Task inputs: Begin
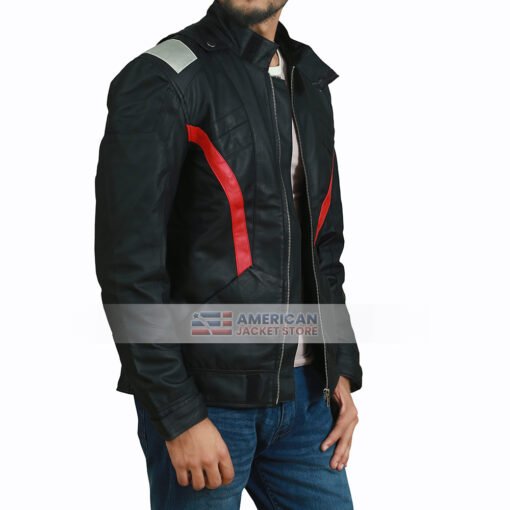 Overwatch Soldier 76 Gaming Leather Jacket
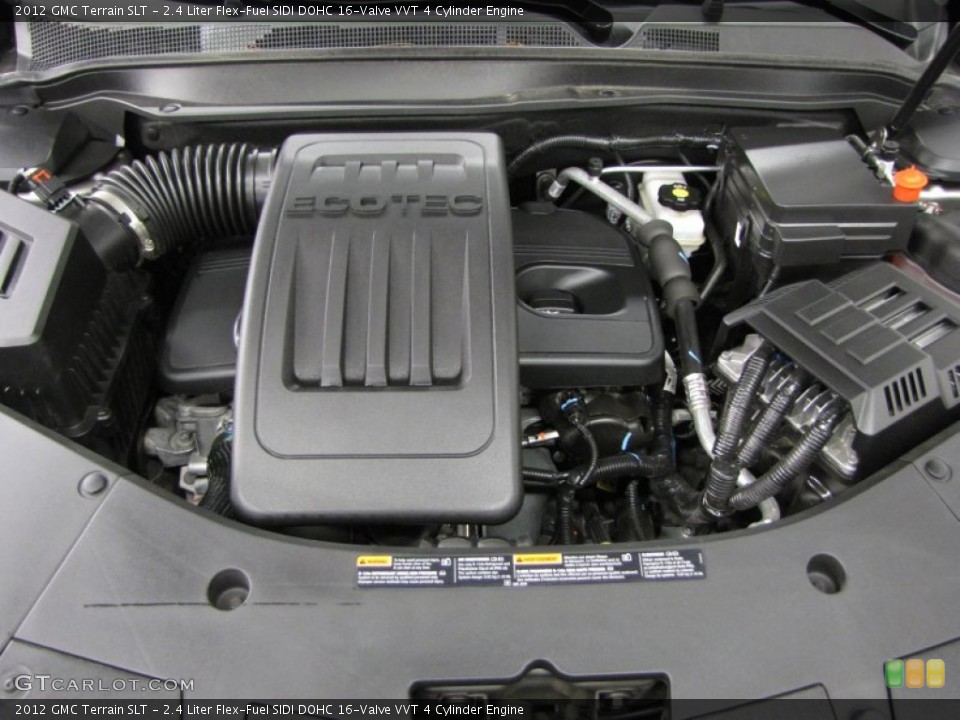 2.4 Liter Flex-Fuel SIDI DOHC 16-Valve VVT 4 Cylinder Engine for the 2012 GMC Terrain #77384691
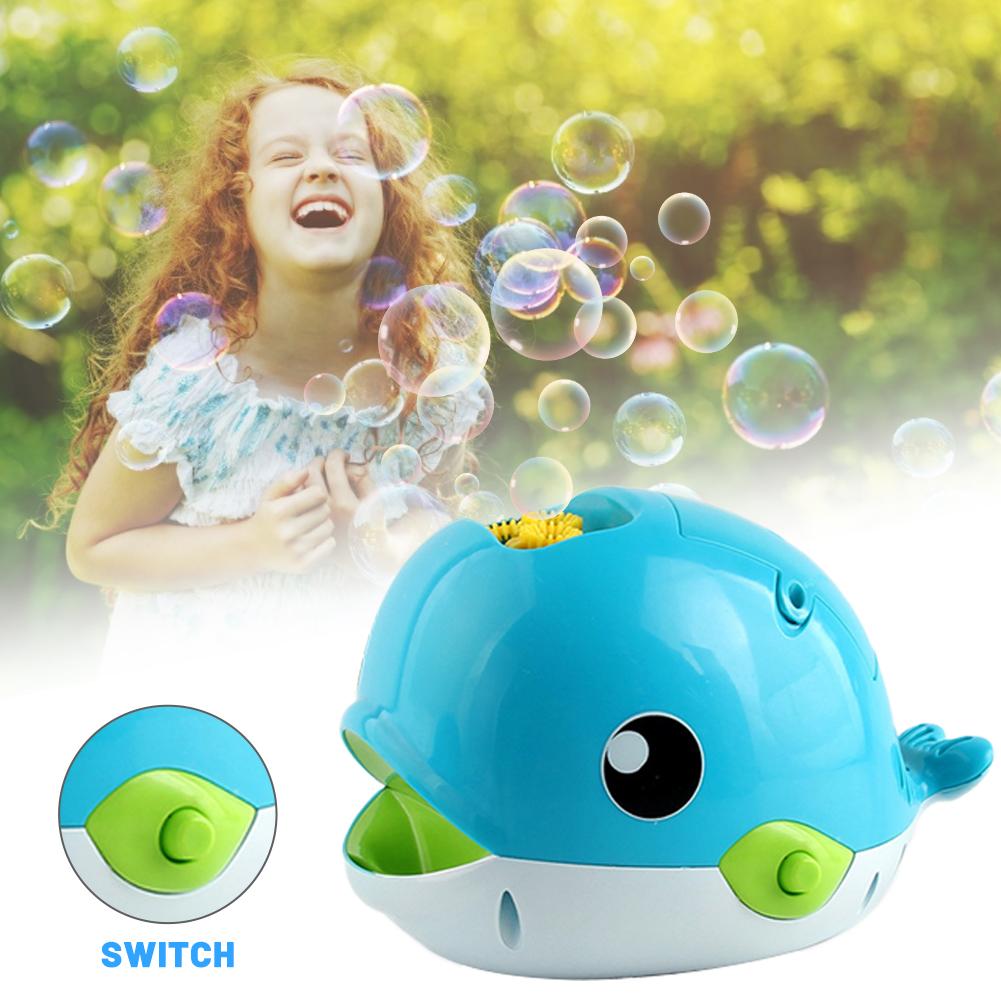 Bubble Machine Automatische Kinderen Speelgoed Bubble Blower Machine Bubble Speelgoed Zeep Ballonnen Water Speelgoed Voor Kinderen Buiten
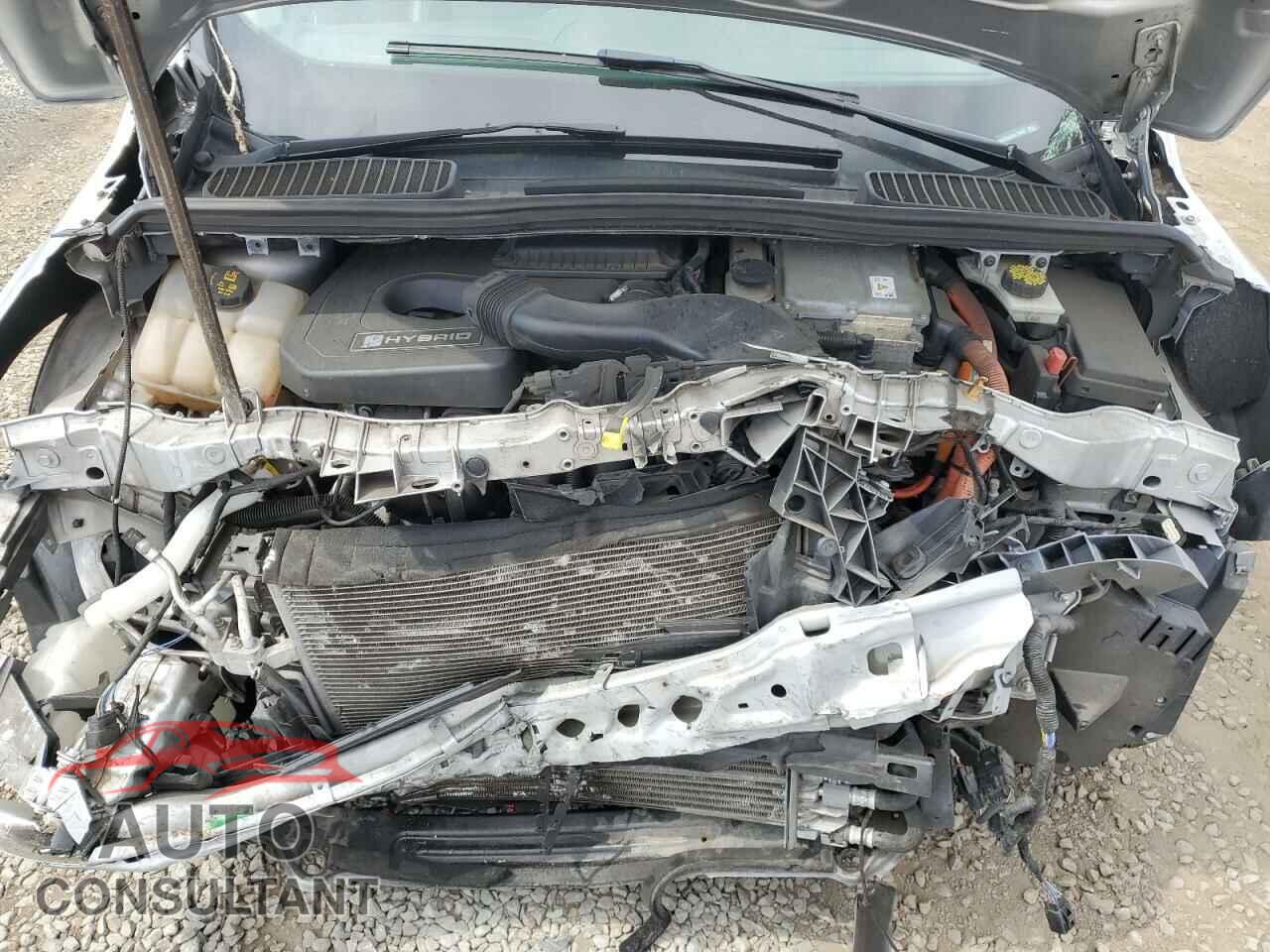 FORD CMAX 2017 - 1FADP5DU5HL110937
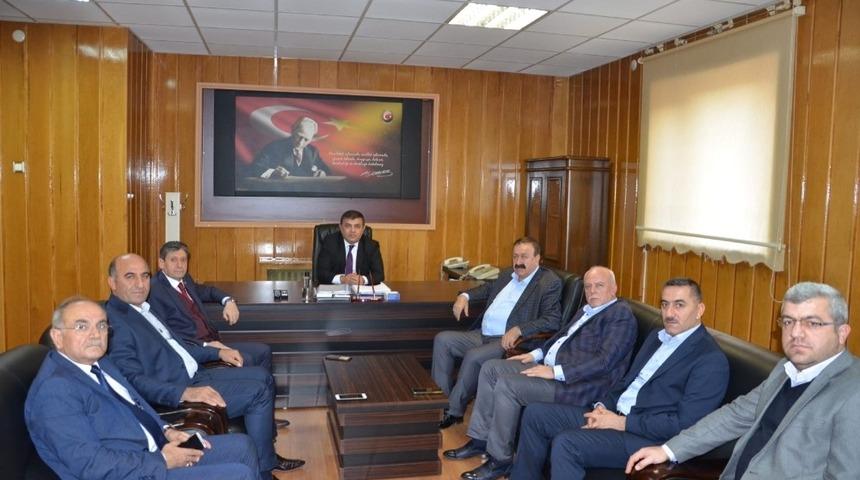 Bem-Bir-Sen yöneticilerinin Adıyaman teması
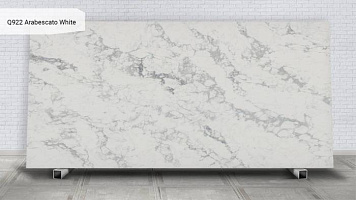 Q922 Arabescato White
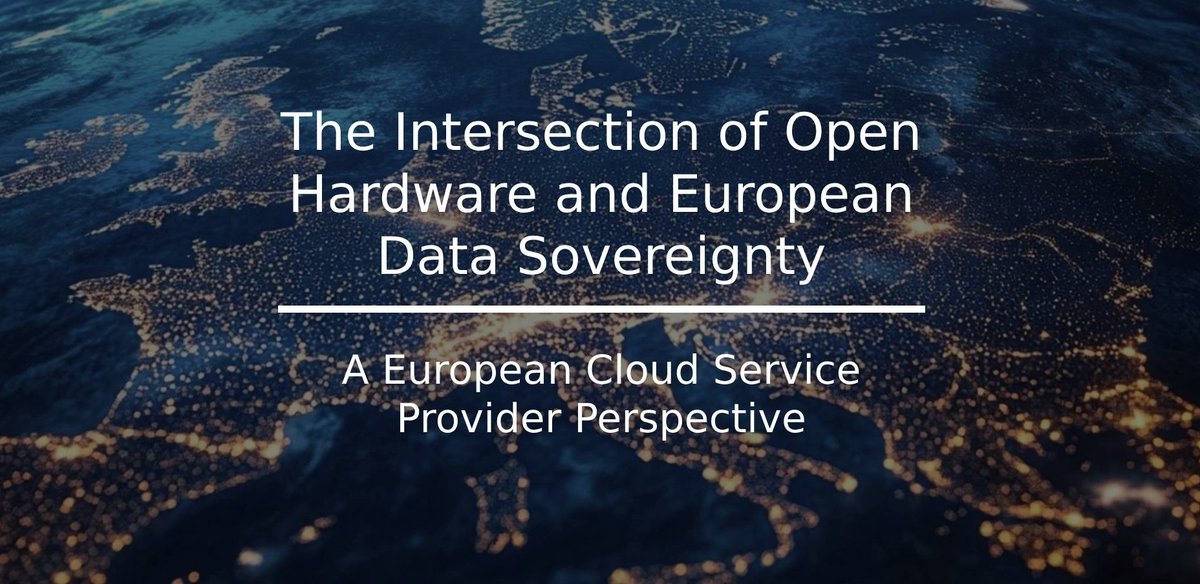 RISER Project (@riserproject) on Twitter photo 🔍 Latest on the RISER Project blog: “The Intersection of Open Hardware and European Data Sovereignty.” Open hardware is fast emerging as a key pillar for ensuring transparency, trust, and sovereignty in technology development.
🔗 riser-project.eu/the-intersecti… 🔍 Latest on the RISER Project blog: “The Intersection of Open Hardware and European Data Sovereignty.” Open hardware is fast emerging as a key pillar for ensuring transparency, trust, and sovereignty in technology development.
🔗 riser-project.eu/the-intersecti…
Task inputs: End
Required action » Nothing but the lines above from the line with "Bem-Bir-Sen yöneticilerinin Adıyaman teması" up to and including the line with "riser-project.eu/the-intersecti… 🔍 Latest" should be returned, exactly as written and without pictures.

Answer box »
 Bem-Bir-Sen yöneticilerinin Adıyaman teması
 Q922 Arabescato White
 RISER Project (@riserproject) on Twitter photo 🔍 Latest on the RISER Project blog: “The Intersection of Open Hardware and European Data Sovereignty.” Open hardware is fast emerging as a key pillar for ensuring transparency, trust, and sovereignty in technology development.
🔗 riser-project.eu/the-intersecti… 🔍 Latest on the RISER Project blog: “The Intersection of Open Hardware and European Data Sovereignty.” Open hardware is fast emerging as a key pillar for ensuring transparency, trust, and sovereignty in technology development.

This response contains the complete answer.